I'd go with the list of animals they consider sentient. Apes, certain birds, dogs, etc. Even then, I think it would only be a second-hand understanding of altruism. They would be thankful for the help, but wouldn't necessarily understand why the human was doing it.Most interesting of all is that while we know what is normally good for these animals given what we learn at school, via documentaries, etc, they somehow just seem to intuitively grasp that we are in distress and need to be taken to shore.Which is scary given the implications. If they can grasp some concept of altruism (aiding a distressed person, or coming to a boat/diver when they need to be freed from a net etc)...what do they think of all the other shit we get up to? Such as when we swoop in and take members of their pod.

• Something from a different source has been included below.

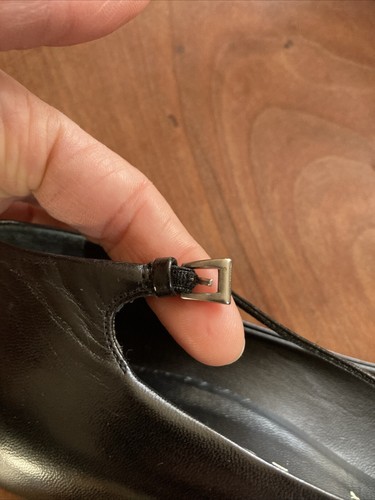 Authentic Prada Black Leather Heels With Square Toe Size 9 - Picture 5 of 15
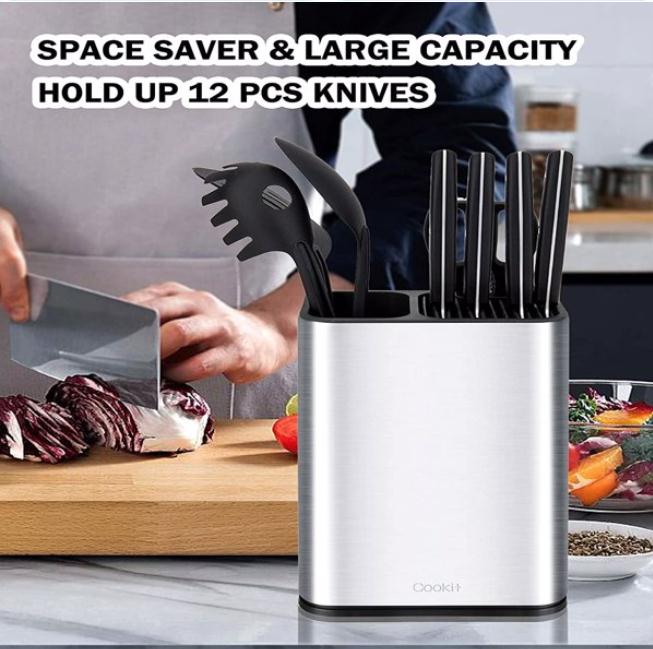 Kitchen Storage & Organization Knife Block, Knife Holder without Knives, Stainless Steel Holders Space Saver Multi-function Utensil Organizer,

I remember my environmental science teacher back in high school commenting that often something like an endangered jungle cat or monkey is often used as the poster child for an environmental movement because they are what evoke an emotional response in the largest number of people. Cute and fuzzy vertebrates are relatable, and if you want to save them, or at least their wild population, then you need to save their environment as well.I specifically prefaced my statement like that because I didn't want it to be lumped in with some "save the whales" political cliche or a bleeding heart, but rather as a more objective "hey there is clearly something different about these handful of species to a degree that we should uniquely revise our treatment of them".
I think the hunting bans are predominately due to conservation/low population. I'm talking about a ban based on the virtue of their intelligence, regardless of a stable population and including capture as well as hunting. I wouldn't wax overly sentimental. Dolphins for example are known for headbutting creatures to death, sometimes I believe their babies even, and sometimes just for fun and when the creature is no real threat at all. While creatures can express behavior and we always want to attribute human concepts to their behavior you have to remember that they don't share the same emotional set we do, they do things for their own reasons and more often then not when we see human like behavior its more coincidence rather then our mental states being overly aligned.
I get where you're coming from. A few years back there was a female Orca off the coast of Cali hunting sharks for sport, just eating their livers. I know that male dolphins are rapey and kill juveniles to force the females to mate again. Chimps wage systematic war and eat peoples faces. I'm not aware of any fucked up things elephants do other than the occasion village rampage. I've read about how difficult it is to compare intelligence across species, and how people are prone to inaccurate projection.I mean, imagine you're out in the wilderness, starving, and a huge terrifying looking bear comes out of the woods right at you, giant scary teeth and claws, and... he hands you a cheeseburger and goes back into the woods. I imagine it's like that.